In EasyPower when I parallel transformers it adds the available short circuit current of each transformer to the other at the bus where they are connected on the secondary side. So if I do the simulation with one transformer at a time I get a value for each, if I do the simulation with them in parallel I get a value that is the same as combining the two values from the independent situations. I'm not following the how to calculate an effective impedance from the information I have. Is this not how you understand calculating available short circuit current of paralleled transformers? (Granted I'm using parallel 3 phase tranformers in Easy Power because it looks like all there is to choose from.)

 

[kingpb]

In EasyPower when I parallel transformers it adds the available short circuit current of each transformer to the other at the bus where they are connected on the secondary side. So if I do the simulation with one transformer at a time I get a value for each, if I do the simulation with them in parallel I get a value that is the same as combining the two values from the independent situations. I'm not following the how to calculate an effective impedance from the information I have. Is this not how you understand calculating available short circuit current of paralleled transformers? (Granted I'm using parallel 3 phase tranformers in Easy Power because it looks like all there is to choose from.)
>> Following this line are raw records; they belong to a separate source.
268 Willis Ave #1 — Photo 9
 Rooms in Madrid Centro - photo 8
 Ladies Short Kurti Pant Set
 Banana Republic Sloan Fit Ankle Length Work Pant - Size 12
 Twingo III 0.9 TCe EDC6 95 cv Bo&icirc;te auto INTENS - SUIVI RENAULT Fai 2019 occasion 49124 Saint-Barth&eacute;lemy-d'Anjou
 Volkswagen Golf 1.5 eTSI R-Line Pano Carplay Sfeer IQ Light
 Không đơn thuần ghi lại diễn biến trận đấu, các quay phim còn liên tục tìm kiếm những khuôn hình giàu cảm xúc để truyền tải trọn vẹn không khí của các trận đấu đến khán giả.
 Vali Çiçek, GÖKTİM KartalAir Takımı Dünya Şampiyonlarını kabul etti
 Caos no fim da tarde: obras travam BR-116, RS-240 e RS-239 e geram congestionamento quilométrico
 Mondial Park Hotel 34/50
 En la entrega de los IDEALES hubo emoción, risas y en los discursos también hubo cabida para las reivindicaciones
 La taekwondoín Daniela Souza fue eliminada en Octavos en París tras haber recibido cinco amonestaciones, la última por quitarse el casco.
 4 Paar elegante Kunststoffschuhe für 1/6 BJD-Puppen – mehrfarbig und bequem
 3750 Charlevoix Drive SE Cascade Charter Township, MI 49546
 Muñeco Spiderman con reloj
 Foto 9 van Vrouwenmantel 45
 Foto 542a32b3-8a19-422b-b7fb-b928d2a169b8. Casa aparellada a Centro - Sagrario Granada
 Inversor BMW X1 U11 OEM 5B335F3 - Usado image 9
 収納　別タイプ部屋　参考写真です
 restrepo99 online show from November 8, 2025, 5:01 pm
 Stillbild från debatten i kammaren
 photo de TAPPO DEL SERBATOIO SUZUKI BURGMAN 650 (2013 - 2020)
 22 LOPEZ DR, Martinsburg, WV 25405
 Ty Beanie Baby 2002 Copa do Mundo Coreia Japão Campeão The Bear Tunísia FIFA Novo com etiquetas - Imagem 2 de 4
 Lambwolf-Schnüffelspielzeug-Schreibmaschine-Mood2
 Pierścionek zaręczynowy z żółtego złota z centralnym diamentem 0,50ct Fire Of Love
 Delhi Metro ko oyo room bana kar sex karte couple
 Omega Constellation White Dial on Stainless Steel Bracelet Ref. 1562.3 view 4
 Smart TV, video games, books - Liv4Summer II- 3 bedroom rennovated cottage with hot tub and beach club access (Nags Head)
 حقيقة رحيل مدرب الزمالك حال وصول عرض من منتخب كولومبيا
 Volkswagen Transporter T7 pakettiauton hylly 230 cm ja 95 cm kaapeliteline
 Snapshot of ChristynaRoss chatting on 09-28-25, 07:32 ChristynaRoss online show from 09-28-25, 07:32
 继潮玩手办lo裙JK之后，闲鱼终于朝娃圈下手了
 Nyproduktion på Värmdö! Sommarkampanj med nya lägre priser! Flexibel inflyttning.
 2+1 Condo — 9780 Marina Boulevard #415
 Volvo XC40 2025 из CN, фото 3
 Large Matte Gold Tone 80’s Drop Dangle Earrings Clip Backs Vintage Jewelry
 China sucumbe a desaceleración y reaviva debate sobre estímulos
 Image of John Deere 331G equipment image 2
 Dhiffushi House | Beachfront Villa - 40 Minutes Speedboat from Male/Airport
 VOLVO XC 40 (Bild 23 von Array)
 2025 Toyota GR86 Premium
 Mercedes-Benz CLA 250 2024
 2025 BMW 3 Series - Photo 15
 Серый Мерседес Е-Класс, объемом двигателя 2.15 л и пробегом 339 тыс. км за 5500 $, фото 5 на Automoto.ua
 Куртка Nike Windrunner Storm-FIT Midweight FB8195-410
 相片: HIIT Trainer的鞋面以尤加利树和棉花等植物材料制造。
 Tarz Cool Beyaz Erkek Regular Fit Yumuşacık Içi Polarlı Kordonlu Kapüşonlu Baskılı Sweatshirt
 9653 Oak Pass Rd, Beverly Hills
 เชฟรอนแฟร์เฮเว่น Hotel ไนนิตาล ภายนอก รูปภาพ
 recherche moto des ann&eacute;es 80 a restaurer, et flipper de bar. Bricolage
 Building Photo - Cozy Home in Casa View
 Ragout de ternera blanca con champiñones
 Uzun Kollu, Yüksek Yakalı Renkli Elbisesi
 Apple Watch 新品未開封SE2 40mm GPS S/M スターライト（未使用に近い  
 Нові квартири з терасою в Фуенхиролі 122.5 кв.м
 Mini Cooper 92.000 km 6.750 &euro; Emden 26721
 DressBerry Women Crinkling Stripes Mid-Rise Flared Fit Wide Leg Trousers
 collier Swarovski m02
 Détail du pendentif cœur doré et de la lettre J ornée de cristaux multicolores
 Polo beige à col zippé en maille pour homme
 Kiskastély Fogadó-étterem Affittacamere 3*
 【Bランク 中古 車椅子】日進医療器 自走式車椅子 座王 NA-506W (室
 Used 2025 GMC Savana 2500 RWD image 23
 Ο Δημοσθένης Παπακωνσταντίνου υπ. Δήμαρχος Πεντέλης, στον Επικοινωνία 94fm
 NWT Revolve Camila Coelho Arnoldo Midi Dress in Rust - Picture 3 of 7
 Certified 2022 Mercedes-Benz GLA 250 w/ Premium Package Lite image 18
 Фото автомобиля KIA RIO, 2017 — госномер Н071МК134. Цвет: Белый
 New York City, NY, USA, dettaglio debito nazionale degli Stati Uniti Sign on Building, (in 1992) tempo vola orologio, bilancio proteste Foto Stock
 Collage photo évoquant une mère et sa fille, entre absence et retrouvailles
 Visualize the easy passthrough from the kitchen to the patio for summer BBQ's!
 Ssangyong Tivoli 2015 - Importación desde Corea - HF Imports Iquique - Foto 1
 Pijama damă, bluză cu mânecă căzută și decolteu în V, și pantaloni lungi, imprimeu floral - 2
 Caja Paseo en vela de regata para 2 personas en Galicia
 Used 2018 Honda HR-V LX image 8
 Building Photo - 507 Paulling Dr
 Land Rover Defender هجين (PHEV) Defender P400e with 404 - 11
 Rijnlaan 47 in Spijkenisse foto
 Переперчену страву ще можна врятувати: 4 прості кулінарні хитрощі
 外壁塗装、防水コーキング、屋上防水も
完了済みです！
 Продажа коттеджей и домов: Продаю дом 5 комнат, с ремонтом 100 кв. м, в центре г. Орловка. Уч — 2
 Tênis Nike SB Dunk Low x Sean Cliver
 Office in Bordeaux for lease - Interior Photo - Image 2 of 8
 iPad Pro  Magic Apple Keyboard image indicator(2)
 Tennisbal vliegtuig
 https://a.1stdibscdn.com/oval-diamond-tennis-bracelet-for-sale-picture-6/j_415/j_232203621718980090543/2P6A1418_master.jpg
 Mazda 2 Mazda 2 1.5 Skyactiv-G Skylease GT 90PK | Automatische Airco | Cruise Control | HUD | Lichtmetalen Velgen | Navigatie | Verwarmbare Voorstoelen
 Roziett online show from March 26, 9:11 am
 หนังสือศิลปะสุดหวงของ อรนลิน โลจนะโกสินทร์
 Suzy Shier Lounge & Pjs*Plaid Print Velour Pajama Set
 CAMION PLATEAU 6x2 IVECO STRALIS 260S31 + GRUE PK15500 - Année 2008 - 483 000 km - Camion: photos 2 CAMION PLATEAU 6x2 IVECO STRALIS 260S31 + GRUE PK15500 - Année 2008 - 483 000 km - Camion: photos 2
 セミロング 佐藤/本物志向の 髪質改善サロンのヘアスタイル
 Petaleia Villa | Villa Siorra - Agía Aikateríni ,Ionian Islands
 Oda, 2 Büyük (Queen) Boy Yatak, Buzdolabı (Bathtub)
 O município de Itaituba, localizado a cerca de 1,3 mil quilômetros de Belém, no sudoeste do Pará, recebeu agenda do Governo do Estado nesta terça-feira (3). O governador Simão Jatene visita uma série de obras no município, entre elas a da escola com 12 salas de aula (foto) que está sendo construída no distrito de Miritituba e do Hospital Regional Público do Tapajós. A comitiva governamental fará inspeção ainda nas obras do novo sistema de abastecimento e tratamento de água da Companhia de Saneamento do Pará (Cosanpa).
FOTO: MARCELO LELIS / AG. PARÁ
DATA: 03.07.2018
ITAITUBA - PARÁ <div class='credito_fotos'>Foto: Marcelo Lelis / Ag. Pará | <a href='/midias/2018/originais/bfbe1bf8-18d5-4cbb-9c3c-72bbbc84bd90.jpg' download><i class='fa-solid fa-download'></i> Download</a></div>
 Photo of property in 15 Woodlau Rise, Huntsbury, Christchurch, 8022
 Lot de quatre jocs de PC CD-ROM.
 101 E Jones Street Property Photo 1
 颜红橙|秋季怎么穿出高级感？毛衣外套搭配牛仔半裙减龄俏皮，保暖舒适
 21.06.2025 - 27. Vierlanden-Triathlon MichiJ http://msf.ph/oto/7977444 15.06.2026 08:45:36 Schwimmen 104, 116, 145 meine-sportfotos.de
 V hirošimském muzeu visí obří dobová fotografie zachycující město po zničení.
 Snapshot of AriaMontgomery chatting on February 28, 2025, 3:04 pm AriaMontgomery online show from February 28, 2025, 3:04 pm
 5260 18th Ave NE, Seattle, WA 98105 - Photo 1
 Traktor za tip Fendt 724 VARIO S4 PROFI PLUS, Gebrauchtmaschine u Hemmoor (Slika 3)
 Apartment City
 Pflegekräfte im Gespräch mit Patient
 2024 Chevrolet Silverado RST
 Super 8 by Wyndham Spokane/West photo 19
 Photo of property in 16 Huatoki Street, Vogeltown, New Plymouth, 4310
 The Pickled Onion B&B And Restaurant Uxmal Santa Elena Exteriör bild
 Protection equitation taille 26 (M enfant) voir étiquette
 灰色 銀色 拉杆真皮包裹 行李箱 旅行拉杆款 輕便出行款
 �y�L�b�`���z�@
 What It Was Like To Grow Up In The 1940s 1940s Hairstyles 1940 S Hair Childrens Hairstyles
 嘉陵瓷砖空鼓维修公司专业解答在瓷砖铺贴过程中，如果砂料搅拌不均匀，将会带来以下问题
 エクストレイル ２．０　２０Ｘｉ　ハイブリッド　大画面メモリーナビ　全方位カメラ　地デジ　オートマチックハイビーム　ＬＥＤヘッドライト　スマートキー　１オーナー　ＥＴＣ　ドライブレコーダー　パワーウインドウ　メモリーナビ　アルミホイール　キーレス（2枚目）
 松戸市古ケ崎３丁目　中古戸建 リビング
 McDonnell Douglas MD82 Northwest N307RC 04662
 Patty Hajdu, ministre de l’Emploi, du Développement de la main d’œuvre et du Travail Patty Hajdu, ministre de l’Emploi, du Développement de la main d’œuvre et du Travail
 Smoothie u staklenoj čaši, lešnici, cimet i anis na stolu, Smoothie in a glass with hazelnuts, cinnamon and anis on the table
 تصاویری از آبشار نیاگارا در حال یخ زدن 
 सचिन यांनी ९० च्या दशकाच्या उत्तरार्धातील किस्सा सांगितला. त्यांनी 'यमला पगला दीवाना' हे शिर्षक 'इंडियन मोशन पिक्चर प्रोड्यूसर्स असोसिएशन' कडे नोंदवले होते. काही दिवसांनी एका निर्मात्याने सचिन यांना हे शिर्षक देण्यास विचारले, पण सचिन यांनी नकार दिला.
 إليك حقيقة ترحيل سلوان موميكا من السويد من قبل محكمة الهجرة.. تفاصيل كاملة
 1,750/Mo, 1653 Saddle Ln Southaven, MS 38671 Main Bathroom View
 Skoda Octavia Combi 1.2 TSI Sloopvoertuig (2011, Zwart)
I would think it would add them, providing the available short circuit current on the HV side is great enough such that it is maxing out the let through current of the transformers. If you look at the MVA Method of calculating SC currents, MVAsc in parallel add (like series reactance) and series MVAsc adds like parallel reactance. Intuitively, this makes sense because additional reactance in series increases total reactance, and the additional reactance means less fault current. Same with parallel, the reactance in parallel deceases total reactance therefore increasing fault current.

It would be interesting to model the set-up to see how it compares; post the system info ahead of the transformers, and the voltages and so forth.

 

[xguard]

I would think it would add them, providing the available short circuit current on the HV side is great enough such that it is maxing out the let through current of the transformers. If you look at the MVA Method of calculating SC currents, MVAsc in parallel add (like series reactance) and series MVAsc adds like parallel reactance. Intuitively, this makes sense because additional reactance in series increases total reactance, and the additional reactance means less fault current. Same with parallel, the reactance in parallel deceases total reactance therefore increasing fault current.

It would be interesting to model the set-up to see how it compares; post the system info ahead of the transformers, and the voltages and so forth.

The Primary Voltages are:
L-L 13.2 KV
L-N 7.62 KV

Primary Available Fault Current
L-G 3527 A
L-L 3979 A
L-L-G 4312 A

 

[kingpb]

The Primary Voltages are:
L-L 13.2 KV
L-N 7.62 KV

Primary Available Fault Current
L-G 3527 A
L-L 3979 A
L-L-G 4312 A

Do you have the R and X values, or X/R ratios. Also, what about 3-phase fault.